The 131st Annual Meeting (November 15-19, 2003) of APHA |
Amy Fairchild, Columbia Univ, 722 West 168th Street, 9th Floor, New York, NY 10032, 212 305 0092, alf4@columbia.edu
Officers of the United States Public Health Service began examining immigrants for “loathsome and dangerous contagious diseases” at the nation’s borders in 1891 and, in 1903, immigrants suffering from diseases rendering them “likely to become a public charge.” They declared that medical inspection was “the most important feature of the medical sieve spread to sift out the physically and mentally defective.”
While touted and, indeed, initially intended as an important exclusionary tool, the assembly line of flesh and bone that processed some 25 million diseased immigrants was, for the vast majority, part of a process not of exclusion, but inclusion. Immigrant medical inspection served as the inaugural event in the life of the new industrial labor force; it worked to absorb them American industrial life and transform them into efficient industrial citizens with “proper” industrial values and attitudes. Only when groups of immigrants failed to conform to societal expectations about the industrial worker, did the immigrant medical exam work to exclude those groups at the nation’s borders on the understanding that they were not fit for industrial labor.

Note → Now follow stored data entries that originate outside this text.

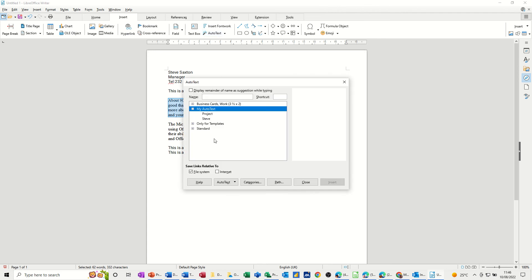So you go back in there, call it Intro and I'll put Intro in there this time. So I'll put a bigger phrase in there. So I'm going to type Intro and then F3. So AutoText, New.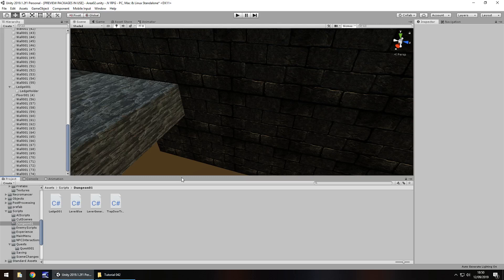Hello there, I'm Jimmy Vegas and this is how to create an RPG in Unity and welcome to episode 42.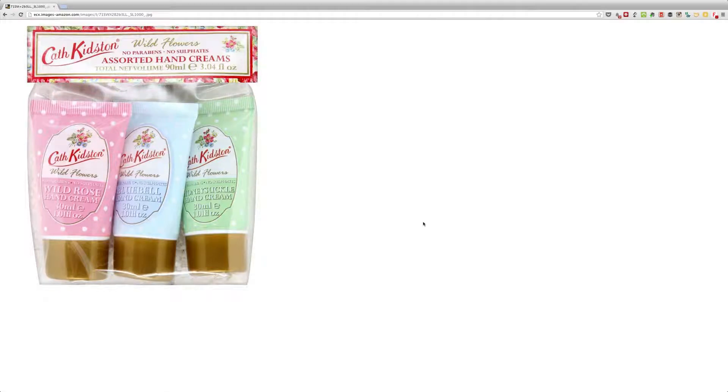In today's video, I'll be doing my review of the Cath Kidston Wildflowers Assorted Hand Creams Kit.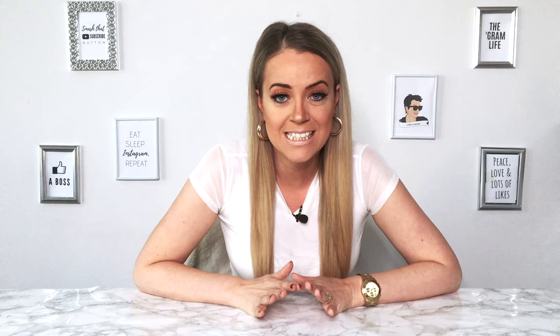But there are also some negatives which you should definitely consider before posting this kind of grid on your profile. One of them is that your grid will only stay like this if you keep posting in sequences of three. So as long as you want your photo to stay like this, you're going to have to post three posts at a time, which can get really annoying.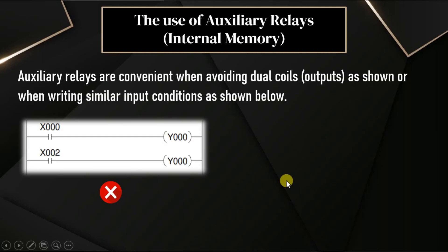In this video, we discuss the advantage and usage of auxiliary relays. In PLC, we have different types of inputs and outputs and some other instructions.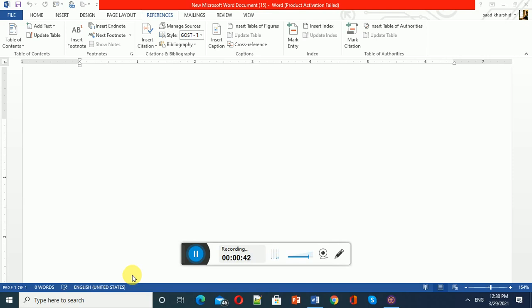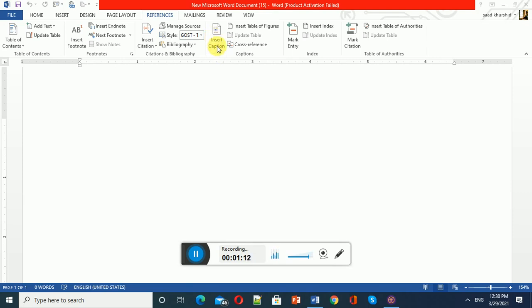Today we are starting a new task on how to insert captions in Microsoft Word on tables, charts, equations, or figures. As you've seen in different books, like Table 1.1, Table 1.2, or Equation 1.1, you can add those captions in Microsoft Word using the Insert Caption option available in the Reference tab.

This is not to say that the PHS was merely an agent of abstract or benign Americanization. Nor was the PHS the principal agent of any kind of industrial assimilation. Indeed, the PHS never explicitly articulated discipline as the purpose of the medical exam. Yet so pervasive was the cultural imperative to discipline the immigrant laborer, so rooted were the immigrant diseases on which they came to focus in the capacity of the immigrant to serve industrial society, that the PHS exam mirrored the kind of effort taking place on the very floors of American factories. It became an analogy to the factory operating under the principles of scientific management. Thus, the process of entry into the US—which, we must understand, was far more than the 40 seconds in which the immigrant passed under the gaze of the PHS officer at the end of an inspection line in an American immigration station—was the opening segment of the process of Americanization not as an adjustment to American life and culture and society but as an adjustment to the industrial working class.

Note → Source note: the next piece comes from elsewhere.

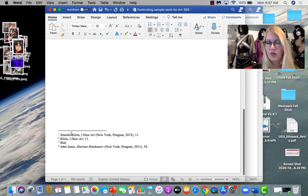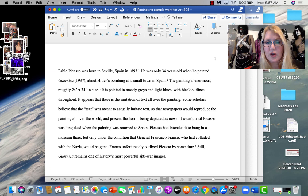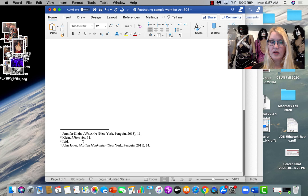I also want you to see that the numbers don't mean anything. Number one doesn't refer to Jennifer Klein's I Hate Art. Some people try and, like on page five, I'll be back to footnote number one. The numbers mean nothing. They just direct my eye to whatever you're referencing. Okay?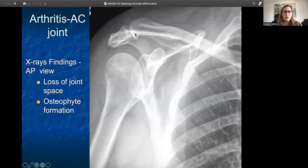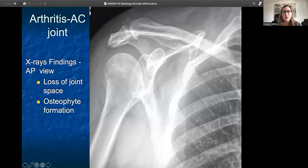Looking at an AP view of the acromioclavicular joint, showing more arthritis: we see loss of joint space between the clavicle and the acromion, and also pretty significant osteophyte formation of both the distal end of the clavicle and the acromion.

This understanding can help to can help to refocus our attention in the present on public policies seeking to control the behavior of immigrants within our borders rather than excluding immigrants at our borders.
Learning Objectives:
Keywords: History, Immigration
Presenting author's disclosure statement:
I do not have any significant financial interest/arrangement or affiliation with any organization/institution whose products or services are being discussed in this session.